La banque, dispensatrice de crédit est tenue de mettre en garde l'emprunteur non averti au regard de ses capacités financières et des risques d'endettement nés de l'octroi du prêt (Cour de cassation, Ch. Mixte 29 juin 2007, n°05-21.104), sauf si le prêt est adapté à ses capacités financières et au risque de l'endettement né de l'octroi du prêt (Cour de cassation, Com. 20 avril 2017, n°15-16.316).
"Le préjudice de la caution consécutif au manquement d'un établissement de crédit à son devoir de mise en garde à l'égard de l'emprunteur non averti consiste dans la perte de la chance que l'emprunteur renonce au prêt et qu'elle ne s'engage donc pas comme caution, évitant ainsi le risque qu'on lui demande de payer la dette garantie." (Cour de cassation, Com., 9 mars 2022, n°20-10.678)
Il est ainsi de jurisprudence constante que l'assujettissement au devoir de mise en garde suppose, d'une part, un risque d'endettement excessif et, d'autre part, que le client soit non-averti, ces deux conditions cumulatives s'appréciant successivement et dans cet ordre.
Ainsi, si à la date de la conclusion du contrat, il apparaît que le crédit était adapté aux capacités financières de l'emprunteur et au risque d'endettement né de l'octroi du prêt, le banquier n'est tenu d'aucun devoir de mise en garde et les juges du fond n'ont pas à rechercher si l'emprunteur était ou non averti (Cour de cassation, Com. 7 juill. 2009, n°08-13.536).
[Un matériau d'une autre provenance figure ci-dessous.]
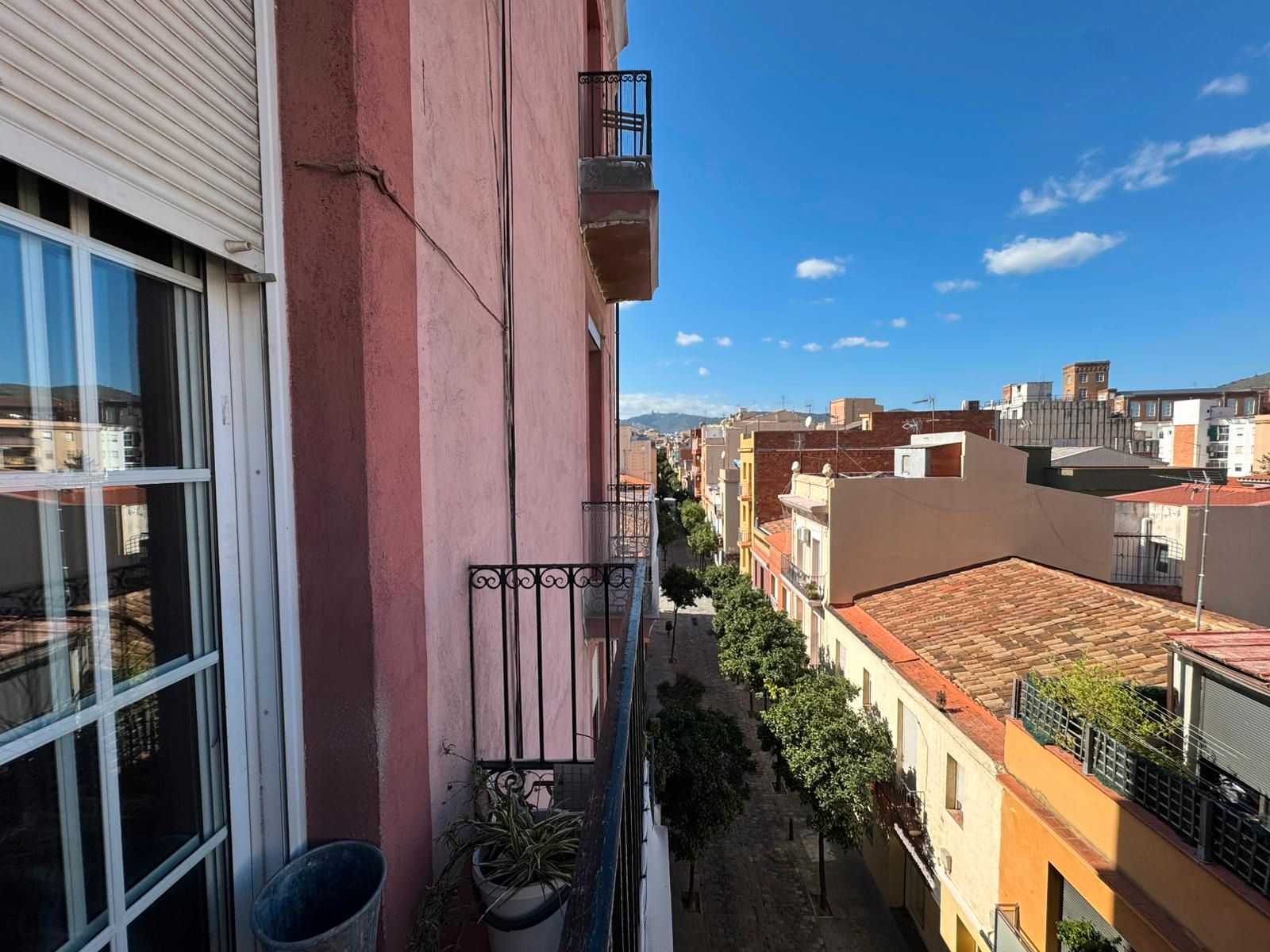 Exterior view of Flat for sale in  Barcelona Capital  with Balcony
Il convient ainsi tout d'abord de rechercher si la première condition est remplie, alors que, concernant le risque d'endettement excessif, "l'obligation de mise en garde à laquelle peut être tenu un établissement de crédit à l'égard d'un emprunteur non averti avant de lui consentir un prêt ne porte que sur l'inadaptation de celui-ci aux capacités financières de l'emprunteur et sur le risque de l'endettement qui résulte de son octroi, et non sur l'opportunité ou les risques de l'opération financée." (Cour de cassation Com., 11 décembre 2024, pourvoi n° 23-15.744).
Il appartient à l'emprunteur ou la caution de rapporter la preuve d'un risque d'endettement qui serait né de l'octroi du crédit (Cour de cassation, Com. 15 février 2011), étant précisé que "le risque d'endettement auquel s'expose le crédité s'apprécie uniquement au regard des informations qu'il déclare au créditeur, celui-ci n'ayant pas à s'enquérir de leur exactitude" (Cour de cassation, 1ère Civ., 1erjuin 2016, n°15-15.051).
Enfin, les capacités financières s'apprécient au regard de la valeur des éléments du patrimoine garantissant le remboursement. Les capacités financières comprennent le patrimoine et les revenus (Cour de Cassation, Com., 6 décembre 2011).
En l'espèce, un prêt d'un montant de 286.000 euros, remboursable sur 7 années, avec des échéances mensuelles de 3862,37 euros a été accordé à la société Aquadome un mois et demi après son immatriculation.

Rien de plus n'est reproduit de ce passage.